How JVM collect ThreadDump underhood

Please explain how JVM collect ThreadDump underhood.
I don't understand how it collectons stack traces of threads that are off-CPU (wait disk IO,Network,non-voluntary context switches).
For example, linux perf collect info only about on-CPU threads(which use CPU-cycles)

Solution

I'll take HotSpot JVM as an example.

The JVM maintains the list of all Java threads: for each thread it has a corresponding VM structure. A thread can be in one of the following states depending on its execution context (HotSpot knows the current state of each thread, because it's responsible for switching states):

in_Java - a thread is executing Java code, either in the interpreter or in a JIT-compiled method;
in_vm - a thread is inside a VM runtime function;
in_native - a thread is running a native method in JNI context;
there are also transitional states, but let's skip them for simplicity.

An off-cpu thread can have only

in_native state: all socket I/O, disk I/O, and otherwise blocking operations are performed only in native code;
in_vm state, when a thread is blocked on a VM mutex.

Whenever the JVM calls a native method or acquires a contended mutex, it stores the last Java frame pointer into the Thread structure.

Now the crucial part: HotSpot JVM obtains a thread dump only at a safepoint.

When you ask for a thread dump, the JVM requests a stop-the-world pause. All threads in in_Java state are stopped at the nearest safepoint, where the JVM knows how to walk the stack.

Threads in in_native state are not stopped, but they don't need to. HotSpot knows their last Java frame, because the pointer is stored in a Thread structure. Knowing the top Java frame, the JVM can find its caller, then the caller of the caller, and so on.

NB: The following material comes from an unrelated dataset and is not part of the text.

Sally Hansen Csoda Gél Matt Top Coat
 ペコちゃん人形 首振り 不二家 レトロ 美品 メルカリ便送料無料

What important here is that the Java part of the stack is "frozen", no matter what the native method does. The top part of the stack (native) can change back and forth, while the bottom part (Java) remains immutable. It cannot change, since the JVM checks for a pending safepoint operation on every switch from in_native to in_Java: if a native method returns, and the VM is currently running a stop-the-world operation, current thread blocks until the operation ends.

So, getting a thread dump involves

Stopping all in_Java and in_vm threads at a safepoint;
Walking through the global list of threads maintained by the JVM;
If a thread is running native method, its top Java frame is stored in a thread structure; if a thread is running Java code, its top frame corresponds to the currently executing Java method.
Each frame has a link to the previous frame, so given the top frame, the JVM can construct the whole stack trace to the bottom.